Accessibility in games
Game accessibility has matured rapidly since the late 2010s. What was once a small number of dedicated activists pushing for subtitles and remappable controls is now an established discipline with shared guidelines and a clear set of expectations for any serious release.
The four areas
Game accessibility is usually broken down into four overlapping categories, matching the categories used in the W3C’s broader Web Content Accessibility Guidelines (WCAG) but adapted for games:
- Visual — color-blind modes, scalable UI, high-contrast options, screen-reader support for menus.
- Auditory — subtitles, captions for environmental audio, visual indicators for directional sound, adjustable audio mix.
- Motor — remappable controls, hold-to-press conversion, button-mash auto-press, adjustable difficulty.
- Cognitive — clear tutorials, optional waypoints, adjustable text and game speed, autosave, skippable cutscenes.
The Game Accessibility Guidelines
The Game Accessibility Guidelines at gameaccessibilityguidelines.com are the industry-standard reference. Maintained by a consortium of accessibility consultants and developer-advocates since 2012, they list around 100 specific recommendations across three tiers (basic, intermediate, advanced). The site is freely available and is widely used in studio production briefs.
A separate, related effort is the Accessible Player Experiences (APX) framework from AbleGamers, which structures accessibility recommendations around player-experience patterns rather than feature lists.
Color-blind support
Approximately 8 % of men and 0.5 % of women have some form of color-vision deficiency. The most common is red-green (deuteranopia / protanopia); blue-yellow (tritanopia) is rarer. Good color-blind support involves more than just a filter:
- Game elements distinguished by shape and pattern, not only color.
- Optional color-blind modes that remap critical UI hues (red enemies / green allies in tactical games is a classic problem area).

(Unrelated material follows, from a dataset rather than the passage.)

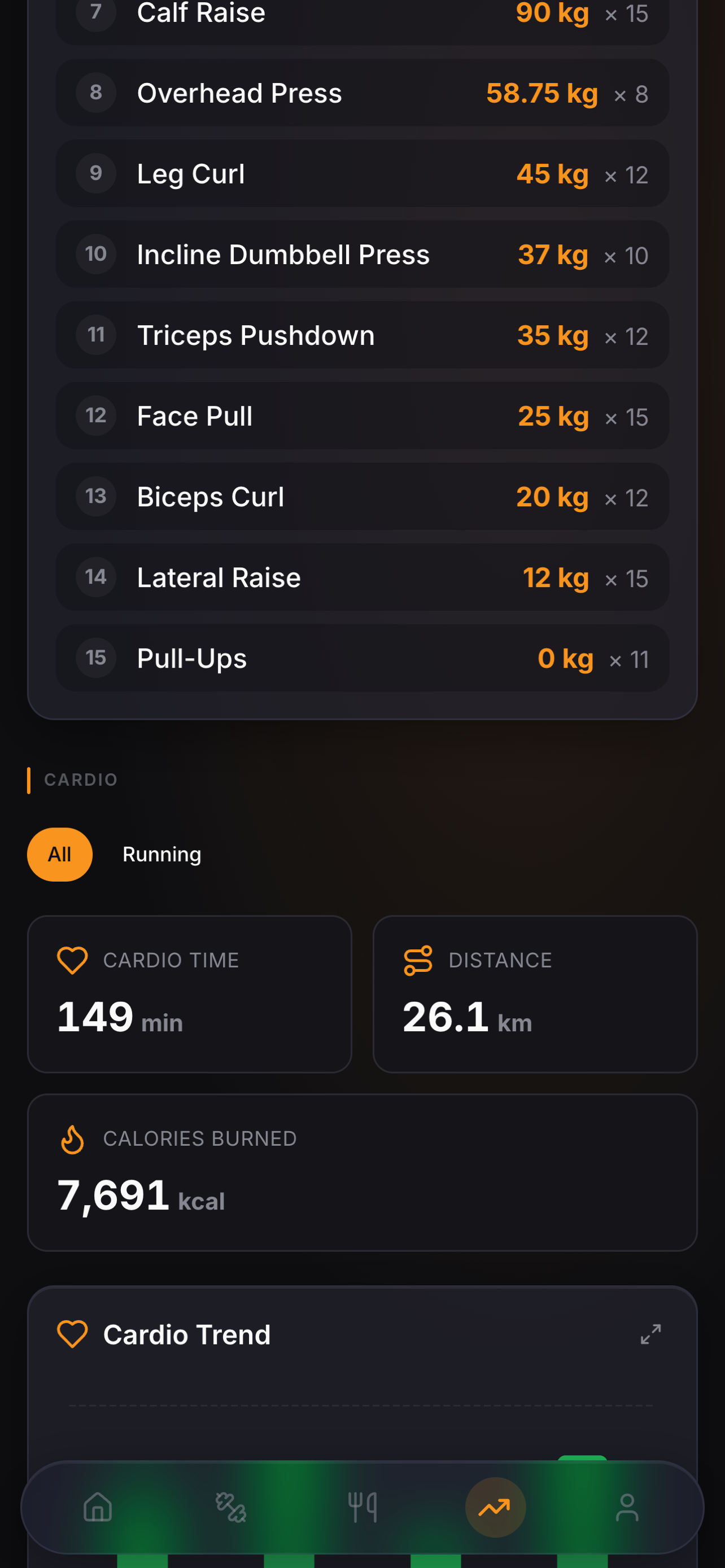 LiftScribe screenshot 6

- Avoiding red-on-green or yellow-on-blue combinations where critical information depends on the distinction.
Subtitles and captions
Subtitle support has moved from “dialogue only” to comprehensive captions covering ambient sound, speaker identification, and even non-verbal cues. Best practice now includes:
- Adjustable size, color and background opacity.
- Speaker labels for off-screen dialogue.
- Captions for important non-dialogue audio (gunshots, footsteps, environment).
- Sensible default settings (many games still ship with subtitles off, which is a problem).
Key remapping and motor accessibility
Full key / button remapping has become standard. More advanced motor-accessibility features include:
- Hold-to-press conversion — toggle versus hold (sprint, aim, crouch).
- Button-mash auto-press — single button replaces repeated tapping.
- QTE accommodations — quick-time events can be slowed down or skipped.
- One-handed control schemes — presets for players using one hand.
Hardware support is also growing: the Xbox Adaptive Controller and the Sony Access Controller are both designed around customisability for players with limited motor function. Both are widely supported in modern releases.
Examples done well
- The Last of Us Part II (Naughty Dog, 2020) — widely cited as the high-water mark for AAA accessibility, with over 60 options.
- Celeste (Maddy Makes Games, 2018) — a famously difficult platformer with comprehensive “assist mode” settings (slow speed, invincibility, infinite stamina) that let players define their own difficulty.
- Forza Horizon 5 (Playground Games, 2021) — sign-language interpretation for cutscenes, in addition to a comprehensive accessibility menu.
- God of War Ragnarök (Santa Monica Studio, 2022) — broad coverage across all four categories, with detailed audio-cue settings for blind and low-vision players.
For browser and casual games
Accessibility in small browser titles is uneven. Game-jam entries rarely have time for proper accessibility work; established casual portals often inherit web-accessibility issues from their host pages. The good news is that browsers themselves provide accessibility scaffolding (zoom, screen readers, OS-level color filters) that often partially compensates. The bad news is that many casual portal games rely heavily on color and time pressure, which limits how much OS-level accessibility can help.